Ka Is A Wheel….
Any Dark Tower fans out there? Stephen King describes this epic series of his as a mash up of The Good, The Bad, and the Ugly and The Lord Of The Rings. It’s an epic-fantasy-western, if you can even wrap your mind around all of those genres in one story, & it’s not for everybody. But I love a good hero, & the Dark Tower provided.
Heroes are very important to us romance novelists (and romance readers!), after all. We love men. Love figuring those stubborn souls out. We want to know what they think, how they feel, and what matters to them. We want to know what’s on that mental landscape they keep so private, & we really hope it’s us. We’re not really surprised to find that it isn’t, though. Or–if we are on there–that we don’t take up nearly as much geography as we’d hoped.
But Roland from the Dark Tower was my kind of hero. The last gunslinger, he was born to a mission. The world was under seige & he was the last of the heroes. It was his job to get to the Dark Tower (wherever/whatever that may be) and do what must be done (whatever that may be) to restore balance. This would involve great sacrifice, as all good quests do, but he didn’t question that. He was a world saver, & there was a world to be saved. Game on.

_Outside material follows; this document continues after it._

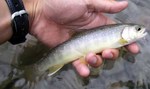 090622.3.jpg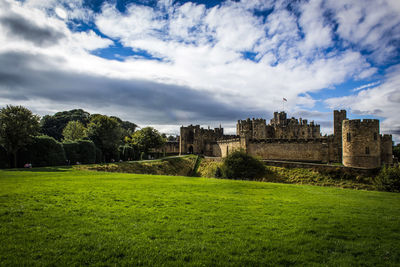 Trees growing on field against sky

That said? There are, like, eight books in this series, & it took Stephen King most of his career to write them all. So he wrote book one as a young man, very certain of the world & his role within it. He wrote the last book in his mid-sixties, with grown kids & a marriage that had endured despite a great deal of physical & emotional trauma. (Car wrecks, addictions, & world-wide fame, oh my.) In other words, the man’s lived a full life. He has perspective now. He knows what pain is, what joy is, & what family is worth. He knows what sacrifice is–his own & others’ on his behalf. He knows what success costs.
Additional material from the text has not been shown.